City of Launceston Unveils Tasmania’s First Publicly-Available DC Fast Charger from Tritium
· Tritium’s Veefil-RT 50kW DC fast chargers can charge most battery EVs to 80 per cent within 30 minutes
· Installation kicks off Launceston’s commitment to providing fast-charging infrastructure to the growing number of EV drivers in the state
Launceston, Australia – October 19, 2018 – The City of Launceston has opened the roads to the emerging number of electric vehicle drivers in the state of Tasmania, after installing the state’s first publicly-available DC fast charger from Australian EV infrastructure specialists, Tritium.
A Tritium Veefil-RT 50kW DC fast charger was purchased and installed by the city and is available for use immediately. The site, in Paterson Street East car park, is free to use for all drivers until July 1, 2019, when fees for charging will be set.
“The installation of Tritium’s DC fast charger is an important first step in unlocking electric vehicle usage in the state of Tasmania,” said City of Launceston Mayor Albert van Zetten. “The rise of electric vehicles is important for the state as the zero-emission driving capabilities of EVs ensures we can keep our biggest asset – our air and environment – clean for tourists.
“The Tritium DC fast charger is proven technology and will help eliminate ‘range anxiety’ for our growing number of EV drivers across the state.”
Tritium’s Veefil-RTs ensure drivers can fully charge their vehicle to 80 per cent within 30 minutes on average for any EV with a CHAdeMO or CCS2 socket – meaning they will accommodate most makes and models of EVs available in Australia.
With the installation of Tasmania’s first publicly-available DC Fast Charger, drivers will be able to complete the round trip from Launceston to Hobart with a single charge at the Launceston site. Further, the new infrastructure will encourage the uptake of electric vehicles to local residents, while enabling tourists to more easily explore the state in an electric vehicle.
In 2013, the Department of Premier and Cabinet’s Tasmanian Climate Change Office (TCCO) undertook a project to investigate the potential benefits of electric vehicles in Tasmania. The benefits identified included: reduced transport-related air pollution; improved energy security due to reduced reliance on imported fossil fuels; and significant emissions reduction opportunities due to Tasmania’s renewable energy profile.
It also identified a key barrier to electric vehicle uptake: a lack of public charging infrastructure to support longer distance drives.
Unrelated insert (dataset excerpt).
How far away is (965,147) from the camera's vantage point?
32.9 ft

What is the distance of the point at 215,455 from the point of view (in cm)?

While most EV owners charge their vehicles at home, the project identified that public charging “is needed to support extended journeys, including to facilitate electric vehicle tourism”.
“Tasmania is known for its pristine natural beauty, so it's great to see the City of Launceston positioning Tasmania as a leader in zero-emissions mobility and helping to protect its environment in the process,” said Chris Hewitt, Head of Sales A/NZ, Tritium. “It’s been proven time and time again across the world that building charging infrastructure leads to an increase in EV uptake, and the City of Launceston is leading the way in enabling an EV future in Tasmania.”
Tritium, founded in Brisbane, is a world leader in fast-charging station technology with deployments in the United States and Europe, and in Australia is the leading supplier of chargers for Queensland’s EV super-highway and the NRMA’s electric vehicle highway in New South Wales.
Brisbane-based Tritium is a technology company specialising in the design and manufacture of DC fast-charging solutions for electric vehicles (EV). Established in 2001, to provide power-electronic systems and battery energy-storage applications, it has, since the launch of its first DC fast charger in 2014, become one of Australia’s fastest-growing companies. In just four years Tritium has developed into a leading global DC fast charging supplier, with installations in 26 countries, and it currently holds around 50% of the Norwegian market and around 15% of the wider European market for 50kW fast chargers. In 2016, the Queensland Government invested AU$2.5m in Tritium - the first company to receive investment under a Business Development Fund scheme established to encourage innovative business – and it invested a further AU$2.5m in 2018. Customers include Charge.net.nz, EDF Lumins, Fortum, Grønn Kontakt, IONITY, Proterra and Stromnetz. Tritium’s HQ and main manufacturing plant is in Brisbane, with additional sales and manufacturing facilities in its two key markets of Europe and the US.